Conforme especifica o especialista, as práticas mais eficazes entre medidas preventivas no campo da educação viária e da gestão corporativa se estruturam nos pilares de seleção e capacitação, práticas de Recursos Humanos (RH), monitoramento e controle operacional, equipamentos de proteção, plano de resposta a emergências, procedimentos pós-acidente/incidente e escolha e gestão do veículo.
“A redução dos índices de acidentes de transporte exige uma abordagem integrada, que combine gestão corporativa responsável, educação contínua e monitoramento operacional. Essa integração de ações educativas, operacionais e humanas constitui o eixo central de uma cultura organizacional voltada à segurança viária, essencial para a preservação da vida e a sustentabilidade das operações empresariais”, defende Guimarães.
O enfrentamento requer integração de dados, fortalecimento da governança interinstitucional e ampliação das práticas de educação viária. Para o representante do Observatório, a segurança viária deve ser compreendida como um valor coletivo e transversal, que ultrapassa o campo das políticas de trânsito e se estende aos ambientes corporativos, educacionais e comunitários.

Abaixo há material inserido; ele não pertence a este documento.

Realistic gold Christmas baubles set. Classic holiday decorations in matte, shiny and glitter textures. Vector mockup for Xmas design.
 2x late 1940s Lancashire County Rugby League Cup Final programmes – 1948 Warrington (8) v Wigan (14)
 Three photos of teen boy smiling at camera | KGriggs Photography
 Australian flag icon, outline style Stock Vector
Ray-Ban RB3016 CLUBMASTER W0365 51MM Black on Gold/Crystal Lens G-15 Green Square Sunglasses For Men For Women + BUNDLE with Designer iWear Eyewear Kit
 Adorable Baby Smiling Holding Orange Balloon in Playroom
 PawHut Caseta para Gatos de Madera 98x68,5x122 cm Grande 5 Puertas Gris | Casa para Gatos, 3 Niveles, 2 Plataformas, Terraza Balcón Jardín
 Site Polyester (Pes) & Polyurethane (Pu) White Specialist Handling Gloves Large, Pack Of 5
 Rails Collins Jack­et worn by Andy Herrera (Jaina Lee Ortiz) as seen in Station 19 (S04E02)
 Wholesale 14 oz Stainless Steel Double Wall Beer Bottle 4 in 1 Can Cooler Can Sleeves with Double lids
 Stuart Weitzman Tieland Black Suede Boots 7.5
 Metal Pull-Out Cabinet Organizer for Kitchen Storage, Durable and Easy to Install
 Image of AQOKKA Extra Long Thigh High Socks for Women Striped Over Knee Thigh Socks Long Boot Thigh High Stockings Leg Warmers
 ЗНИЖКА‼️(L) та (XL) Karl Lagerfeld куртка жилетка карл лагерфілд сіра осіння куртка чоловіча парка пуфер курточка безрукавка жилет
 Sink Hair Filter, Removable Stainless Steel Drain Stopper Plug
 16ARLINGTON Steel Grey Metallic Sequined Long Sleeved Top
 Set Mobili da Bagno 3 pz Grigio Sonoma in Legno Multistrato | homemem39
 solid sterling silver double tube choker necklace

“A construção de uma cultura de segurança viária no ambiente laboral depende da atuação coordenada entre o poder público, que estabelece normas e instrumentos de fiscalização, o setor privado, central na implementação prática, garantindo que decisões considerem a segurança como valor inegociável e a sociedade civil organizada, que mobiliza, sensibiliza e articula esforços intersetoriais”, conclui.